Well, with a recent study published by Google, it seems we are getting an answer as to who answered that question correctly, and it wasn't Hollywood. The trend in Brazil, beginning in 2016 when streaming services were expanded in the country, is the stagnation of piracy and the adoption of legitimate streaming services.
While there’s still a long way to go, it’s interesting to hear the progress that’s being made not only in the West but also piracy hotspots further afield. This week, Brazil’s Exame reported on a new study published by Google.
Focused on movies, one of its key findings is that local consumer interest in Netflix is now greater than pirate alternatives including torrents, streaming, and apps. As illustrated in the image below, the tipping point took place early November 2016, when searches for Netflix overtook those for unauthorized platforms.
There's really only one lesson to be learned here. If an industry meets customer demand in a way that is convenient, enjoyable, and in a way that provides good value, the hassle and illegality of piracy are too much of a bother. The best way to defeat piracy is by embracing new business models, and that mantra is exemplified in a company like Netflix, which revolutionized how video content is consumed across the globe. Even if Brazil's appetite for piracy remains steady, as it has, media companies can simply out-compete it in terms of eyeballs by being awesome.
“We’re not lowering piracy but this does show how relevant the [Netflix] brand is when it comes to offering content online,” Google Brazil’s market intelligence chief Sérgio Tejido told Exame.
If an industry views piracy as completely irrelevant other than its use as a market research tool for what the public wants, then all that matters is the success of Netflix and its peers. The pirates are going to pirate, but meanwhile an entire new customer base and revenue stream has been uncovered in a country lamented as a pirate haven. And the popularity of Netflix in the country is on the upswing largely because of how great the service is.
Importantly, nine out of ten users in Brazil said they were “extremely satisfied” or “very satisfied” with the service, up from 79% in the previous year. An impressive 66% of subscribers said that they were “not at all likely to cancel”, a welcome statistics for a company pumping billions into making its own content and increasingly protecting it, in the face of persistent pirate competition.
Make a great product and give it to consumers in the way they want at a good value and suddenly piracy isn't the threat it was made out to be. That's been the Techdirt formula for years. It's great to see it in action.

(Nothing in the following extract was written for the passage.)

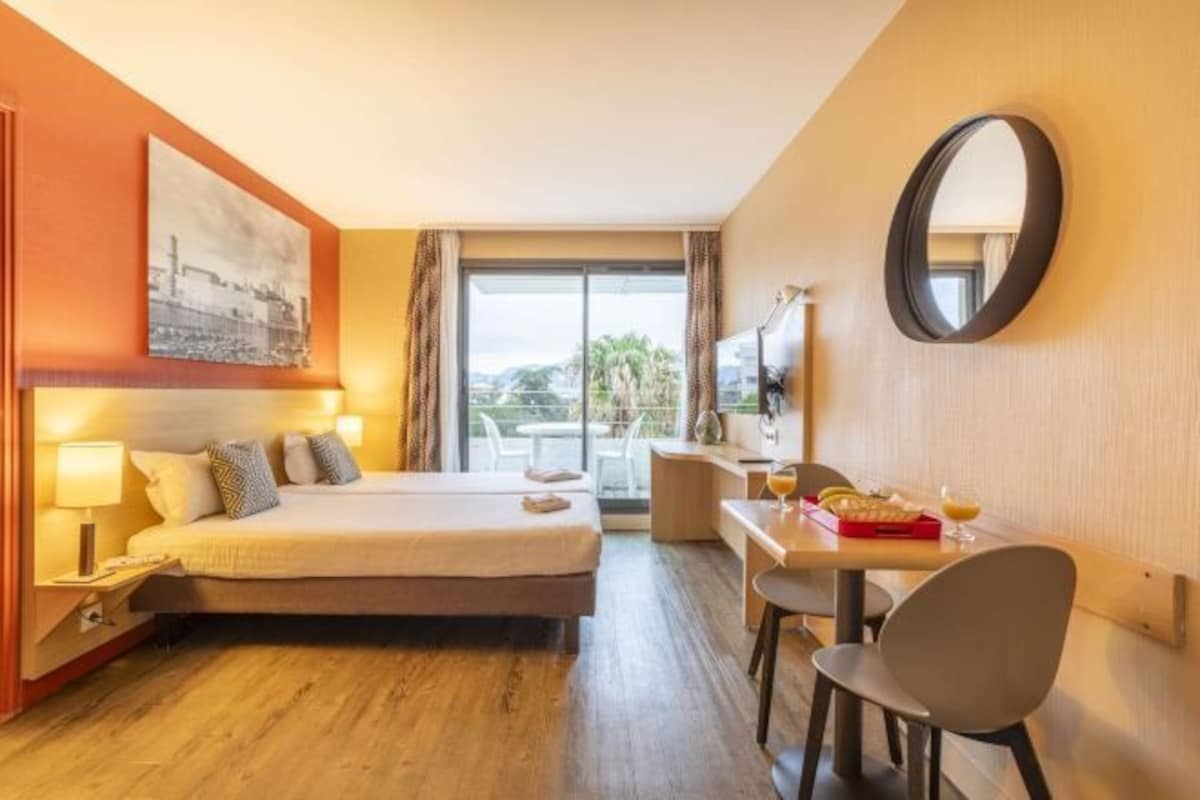 Coffres-forts dans les chambres, chambres insonorisées, Wi-Fi gratuit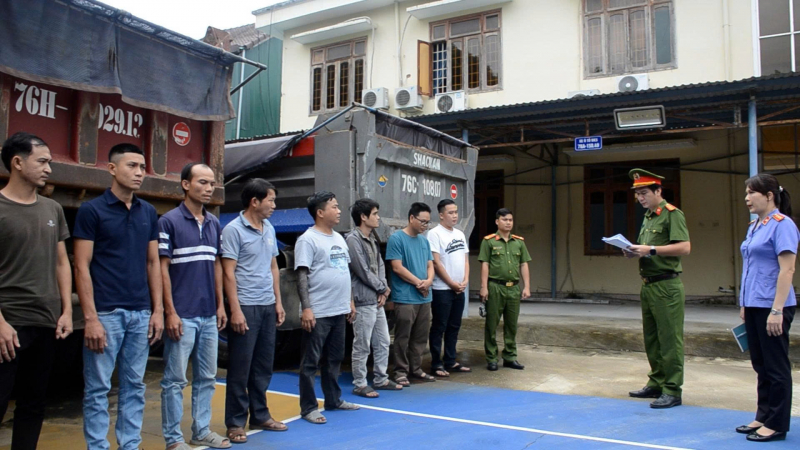 Đường dây hàng chục đối tượng khai thác cát điều hành qua zalo -0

Thank you for reading this Techdirt post. With so many things competing for everyone’s attention these days, we really appreciate you giving us your time. We work hard every day to put quality content out there for our community.
Techdirt is one of the few remaining truly independent media outlets. We do not have a giant corporation behind us, and we rely heavily on our community to support us, in an age when advertisers are increasingly uninterested in sponsoring small, independent sites — especially a site like ours that is unwilling to pull punches in its reporting and analysis.
While other websites have resorted to paywalls, registration requirements, and increasingly annoying/intrusive advertising, we have always kept Techdirt open and available to anyone. But in order to continue doing so, we need your support. We offer a variety of ways for our readers to support us, from direct donations to special subscriptions and cool merchandise — and every little bit helps. Thank you.
–The Techdirt Team
Filed Under: brazil, copyright, culture, licensed service, piracy
Companies: netflix
Reader Comments
Subscribe: RSS
View by: Time | Thread
Too bad google is associated with it.
[ link to this | view in thread ]
Re: Too bad google is associated with it.
[ link to this | view in thread ]
Great "business model"! Netflix is twenty billion in debt!
Yes, of course Techdirt has been right all along: piracy is inevitable so content producers should just ignore it! No hint that the twenty years of fighting piracy, wiping out major piracy sites has had any effect. It's easy to argue your way, just strike out contrary facts.
[ link to this | view in thread ]
Re: Too bad google is associated with it.
But just a sec: you're saying that Google can be believed without question? What a confirmation bias YOU have.
[ link to this | view in thread ]
Re: Re: Too bad google is associated with it.
I know reading is difficult, but you should try it at least once.
[ link to this | view in thread ]
Re: Great "business model"! Netflix is twenty billion in debt!
Techdirt has never suggested this. It's simply pointed out that some responses to piracy are more effective than others.
One response, actually making that content available at a reasonable price, has a very good track record of effectiveness.
[ link to this | view in thread ]
That's probably because it hasn't.
[ link to this | view in thread ]
Re: Great "business model"! Netflix is twenty billion in debt!
[ link to this | view in thread ]
Re: Great "business model"! Netflix is twenty billion in debt!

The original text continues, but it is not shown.